▸ Stored items from a collection
BEGIN

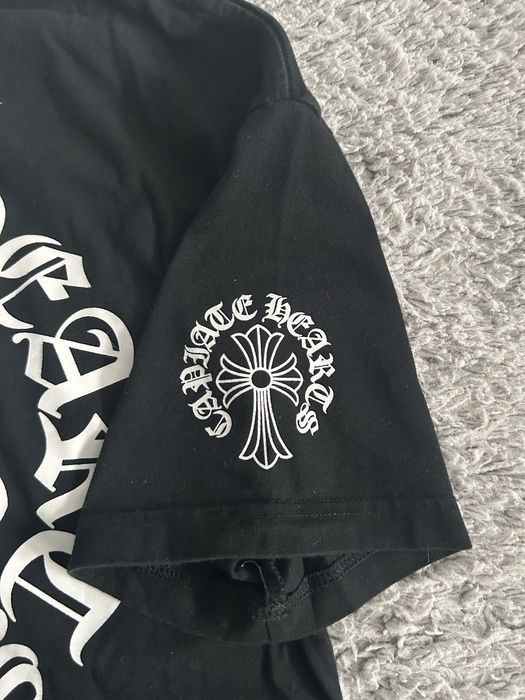 Tricou Chrome Hearts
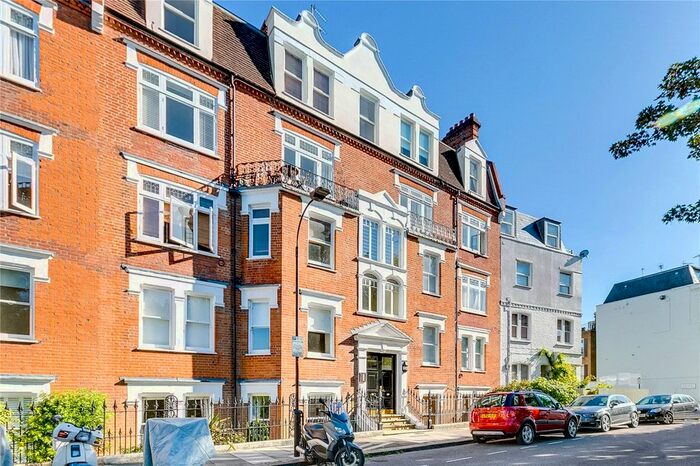 2 Bedroom Flat To Rent In Waldemar Avenue Mansions, Fulham, SW6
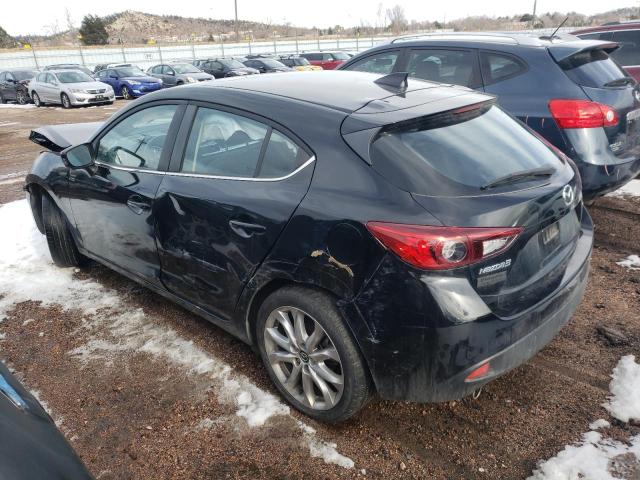Photo 2 from auction – 2016 MAZDA 3 TOURING with VIN JM1BM1M34G1296197
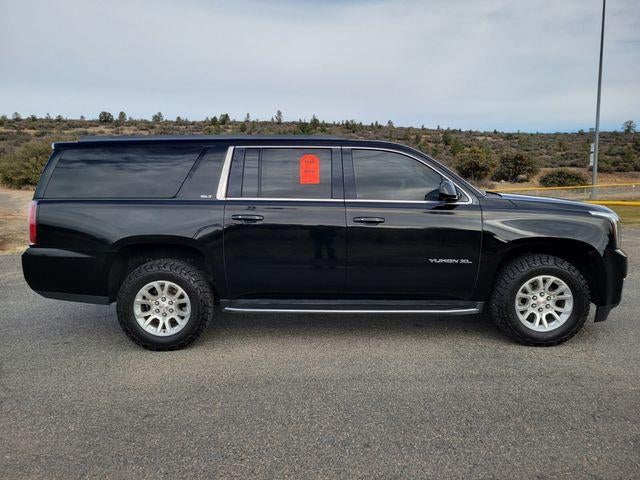 2018 GMC Yukon XL SLT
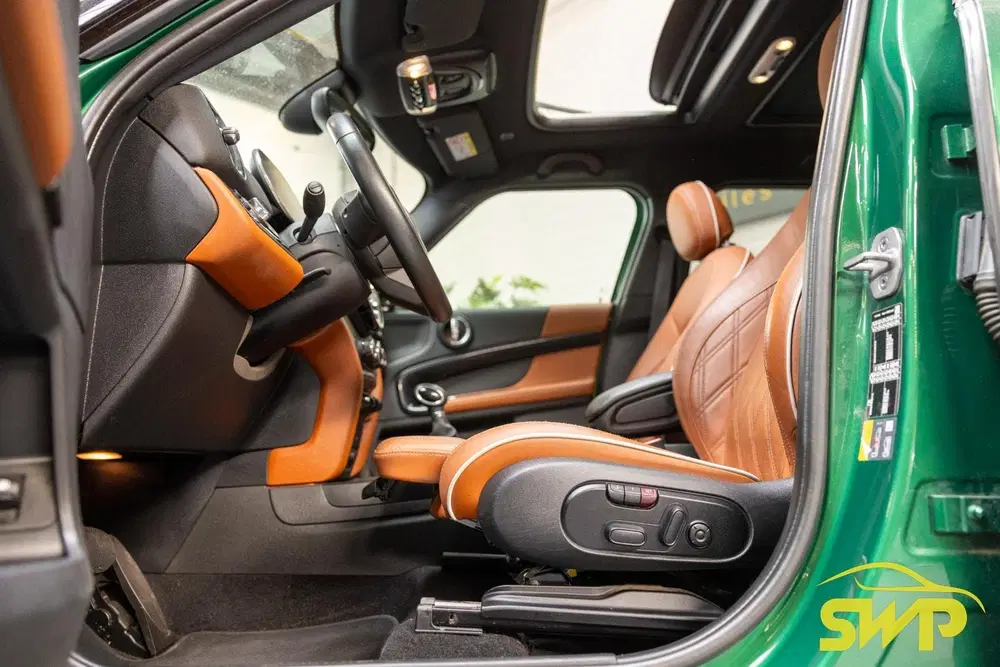 Mini Countryman 1.5 Cooper S E ALL4 Classic uit 2023, foto 3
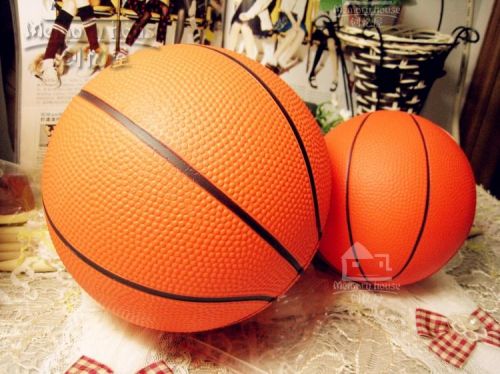 Ballon de basket en PU - Ref 1993033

END

▸ What you need to do
Only the lines from the line with "2 Bedroom Flat" through the closing line of the data, both included, should be set down, exactly as written and without pictures.

▸ Result
 2 Bedroom Flat To Rent In Waldemar Avenue Mansions, Fulham, SW6
Photo 2 from auction – 2016 MAZDA 3 TOURING with VIN JM1BM1M34G1296197
 2018 GMC Yukon XL SLT
 Mini Countryman 1.5 Cooper S E ALL4 Classic uit 2023, foto 3
 Ballon de basket en PU - Ref 1993033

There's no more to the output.